Your task is to repeat exactly the lines from the one with "1997 BMW 3-Series" through the end of the records, both included; please leave the pictures out.

====== MATERIAL FOR THIS TASK

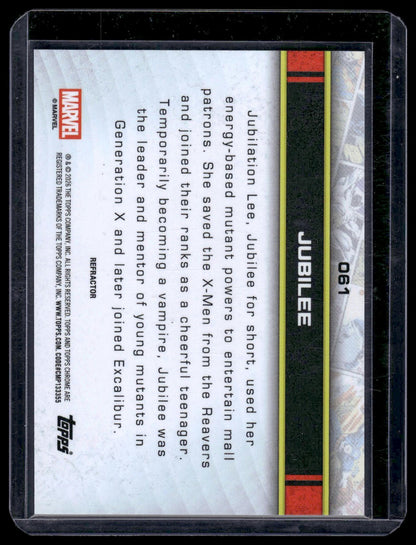 2026 Topps Chrome Marvel Comics #061 Jubilee Refractor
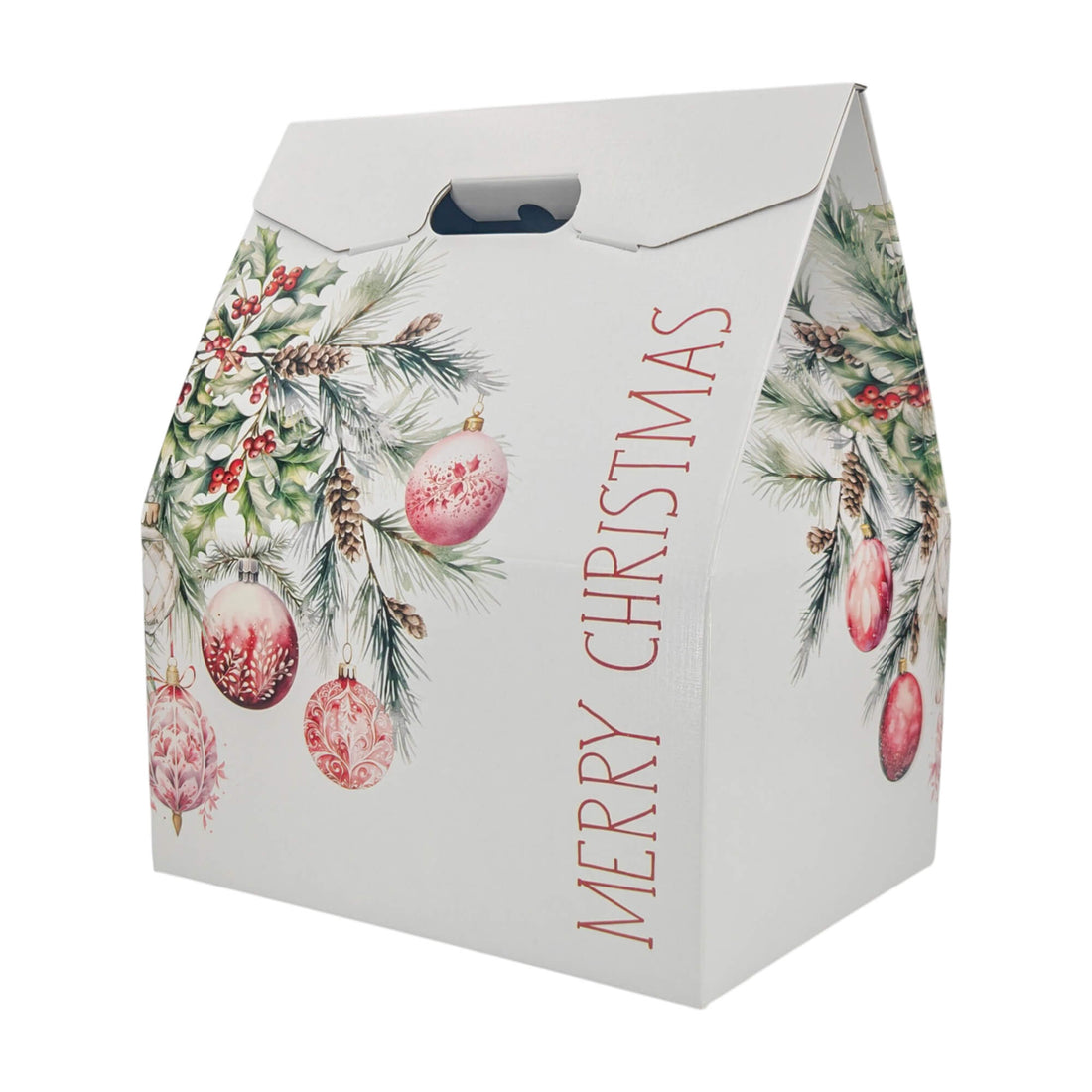 Caja Cesta Baulotto - Blanco, Rojo y Blanco - "Addobbi di Natale"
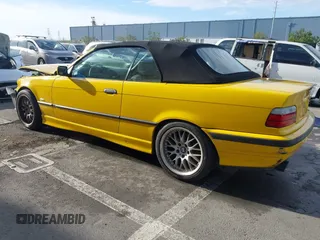 1997 BMW 3-Series 328IC with VIN WBABK8323VET99797, listed as a IAAI auction lot 41616423 with 177,621 mi miles. Bid and sale history available at carsss.com. Image 3.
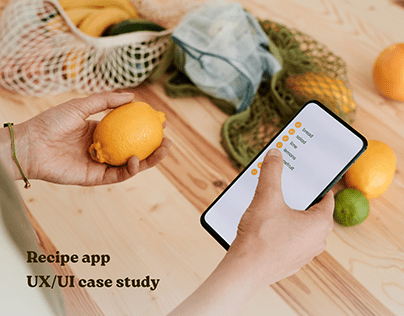 Recipe app UX/UI case study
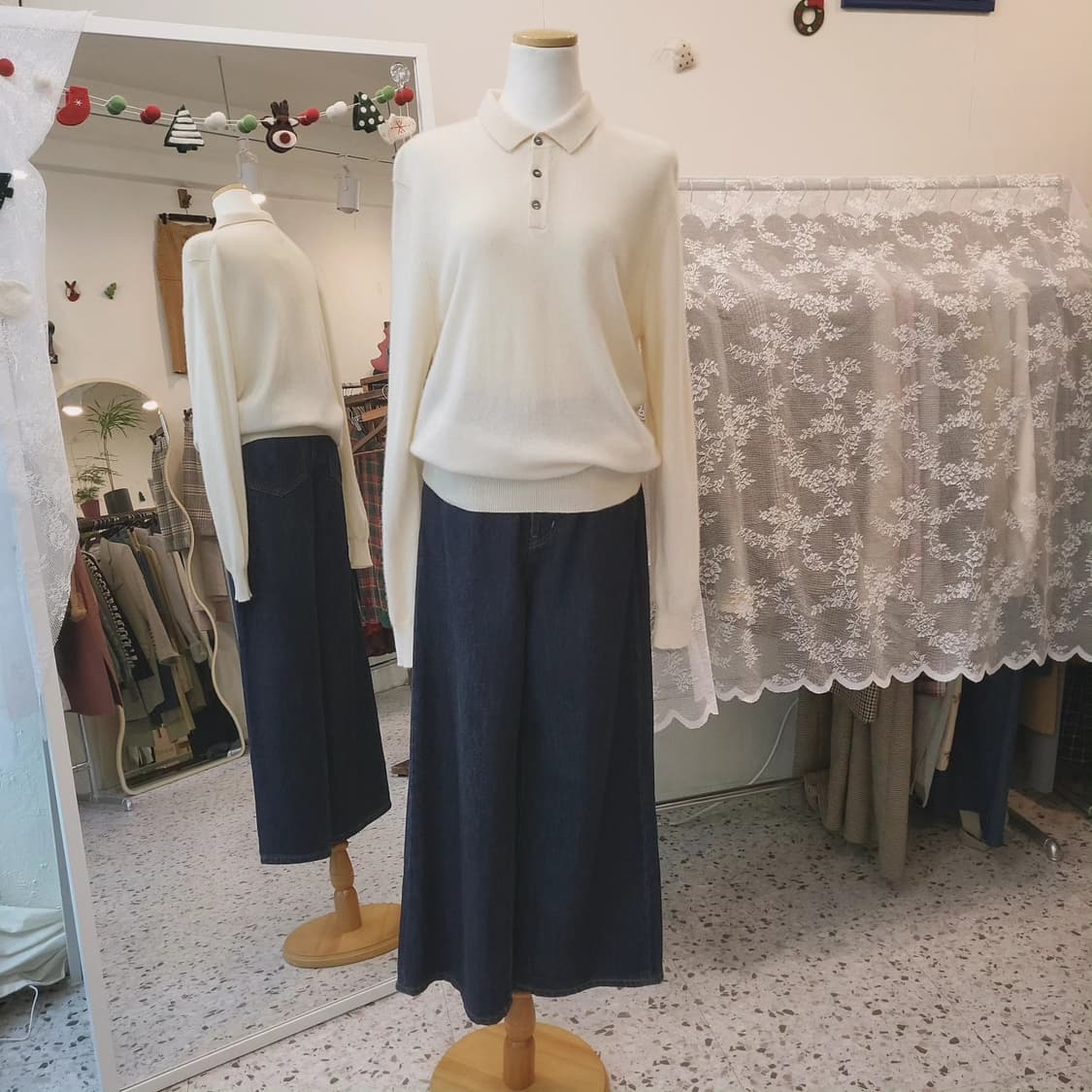 Zara 캐시미어 100 카라 니트 L🧵 상품이미지7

============

[ANSWER TO THIS TASK]
 1997 BMW 3-Series 328IC with VIN WBABK8323VET99797, listed as a IAAI auction lot 41616423 with 177,621 mi miles. Bid and sale history available at carsss.com. Image 3.
 Recipe app UX/UI case study
 Zara 캐시미어 100 카라 니트 L🧵 상품이미지7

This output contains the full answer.